Final answer:
To find the volume of 1.77 moles of Neon gas at 936.0 mmHg and 57.0 ℃, the ideal gas law is used, converting units to atmospheres and Kelvin, resulting in a volume of 39.46 L.
Step-by-step explanation:
To calculate the volume of 1.77 moles of Neon gas at a pressure of 936.0 mmHg and a temperature of 57.0 ℃, we will use the Ideal Gas Law, which is represented by the formula PV = nRT. Here, P represents the pressure in atmospheres (atm), V is the volume in liters (L), n is the number of moles of gas, R is the Ideal Gas Constant (0.0821 L·atm/(mol·K)), and T is the absolute temperature in Kelvin (K).

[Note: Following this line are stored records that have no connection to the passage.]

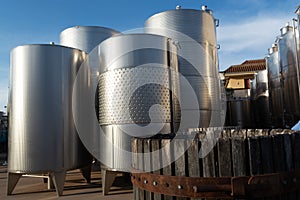 Modern bio wine production factory in Italy, inox steel tanks us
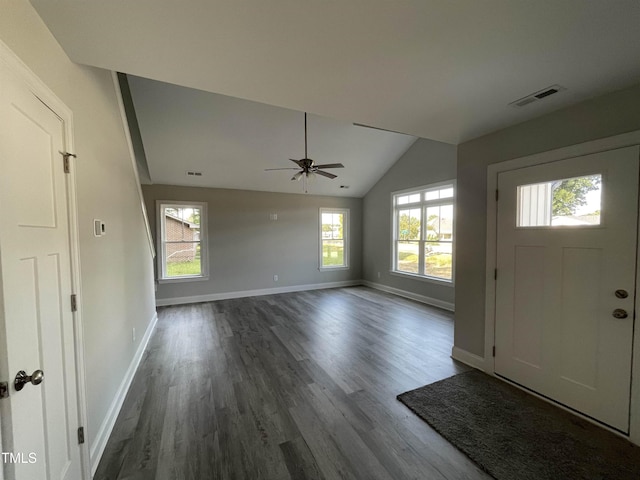 foyer entrance with ceiling fan, dark hardwood / wood-style flooring, and vaulted ceiling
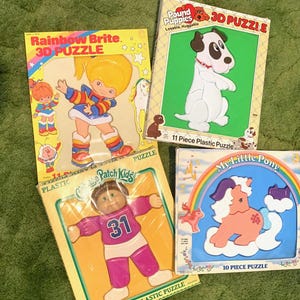 Puede incluir: Cuatro rompecabezas 3D de plástico vintage con Rainbow Brite, Pound Puppies, Cabbage Patch Kids y My Little Pony. Cada caja muestra el personaje, el título y el número de piezas, incluyendo un rompecabezas de Pound Puppies de 11 piezas y uno de 10.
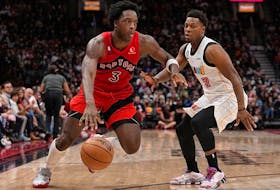Toronto Raptors forward O.G. Anunoby (left) drives to the net past Miami Heat guard Kyle Lowry Scotiabank Arena on Nov. 16.
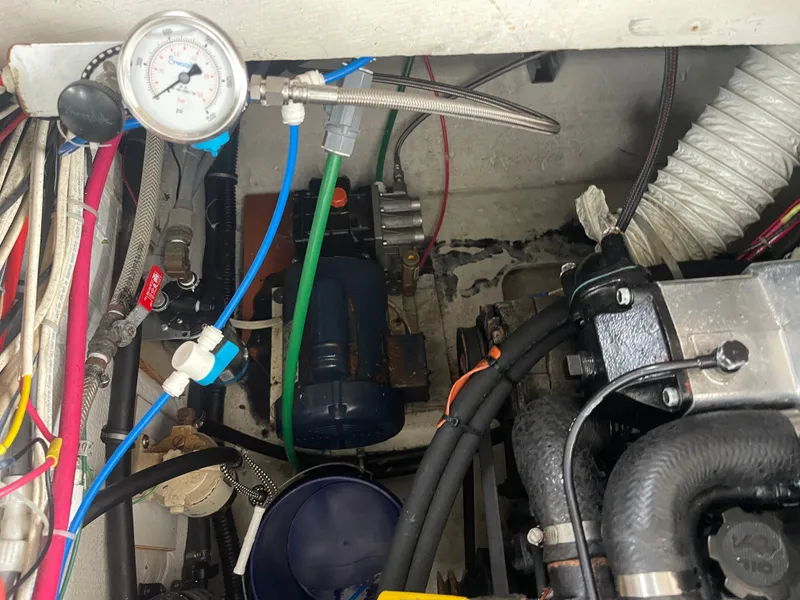 Slide: The Image of Engine room of 1992 Bayliner 38 Motoryacht with hoses and pressure gauge. - 44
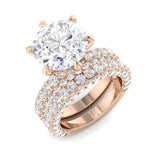 Rose gold ring with a large diamond and smaller diamonds on a white background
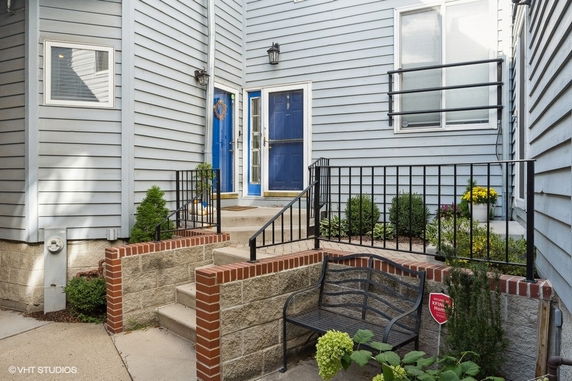 View of a residential building's entryway with steps, blue doors, and surrounding brick flowerbeds.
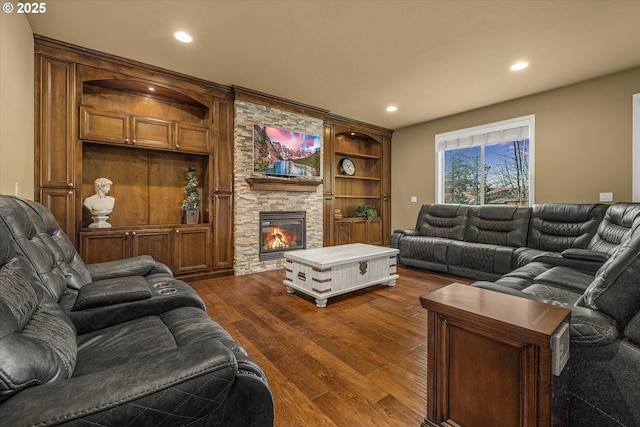 living room featuring recessed lighting, dark wood-style flooring, and a stone fireplace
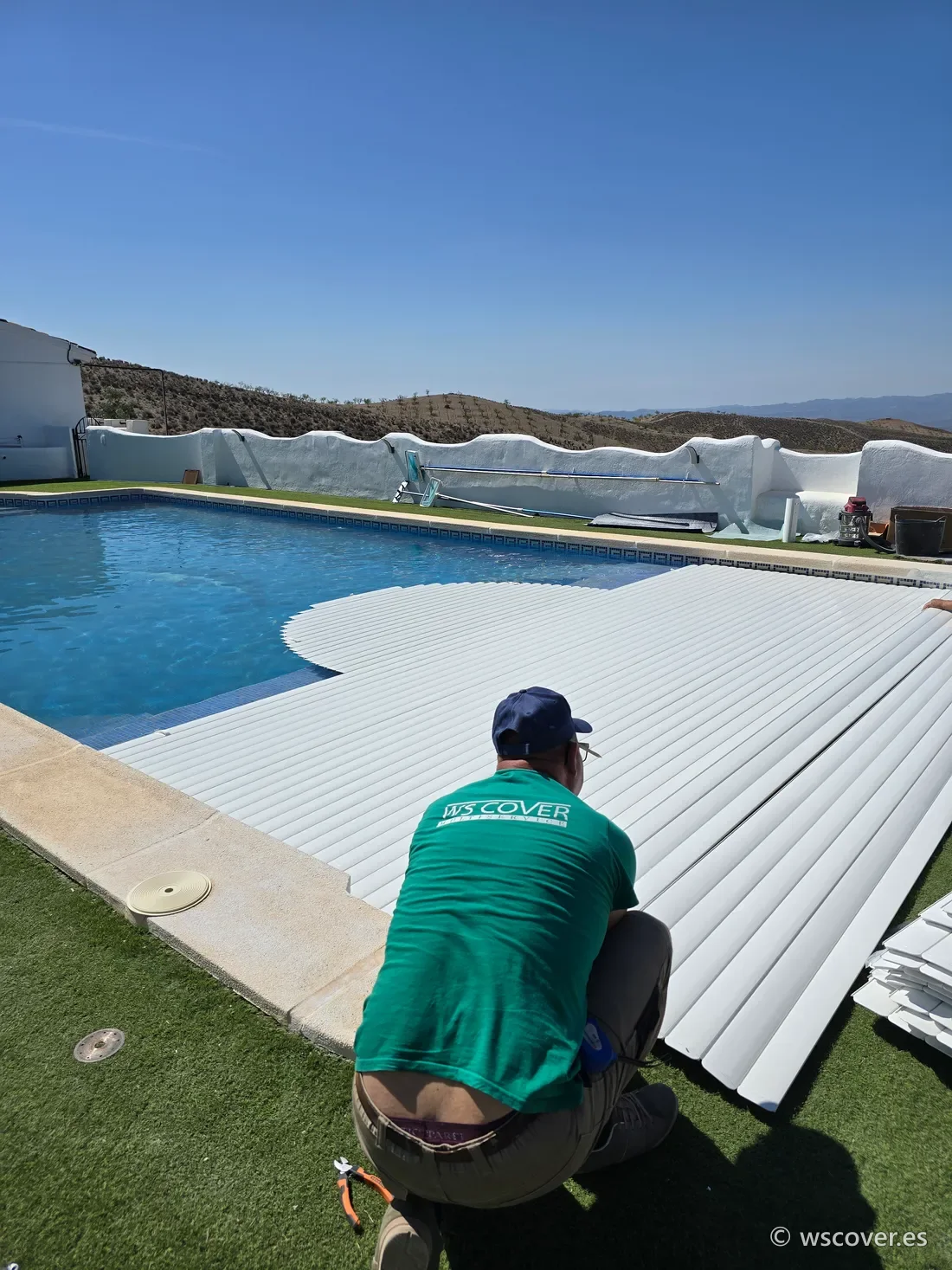 Técnico de WS Cover instalando lamas automáticas sobre piscina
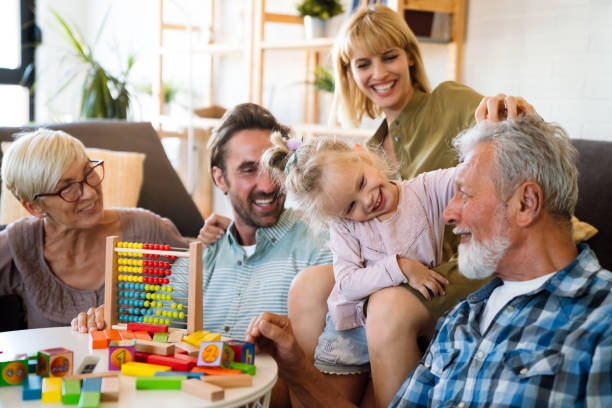 istock Cheerful multi-generation family having fun while spending time together at home. 1472088279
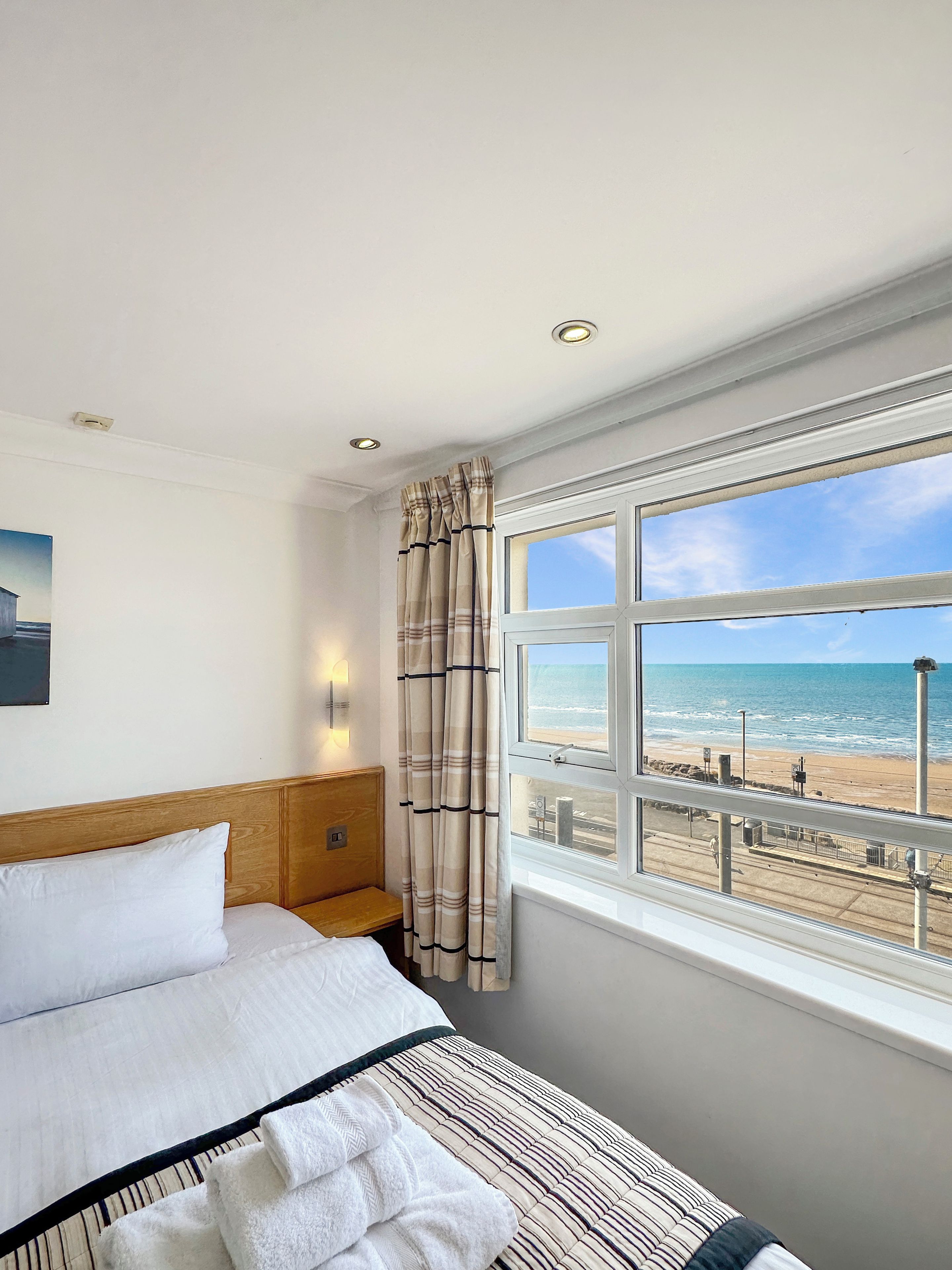 Quarto de hotel com cama, vista para a praia e janela com cortinas.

First, convert the temperature to Kelvin: T = 57.0 ℃ + 273.15 = 330.15 K
Next, convert the pressure to atmospheres: P = 936.0 mmHg * (1 atm / 760 mmHg) = 1.2316 atm
Now, we can solve for V:
V = (nRT) / P = (1.77 mol * 0.0821 L·atm/(mol·K) * 330.15 K) / 1.2316 atm
V = 39.46 L
Therefore, the volume of the Neon gas is 39.46 L, when rounded to the hundredths place.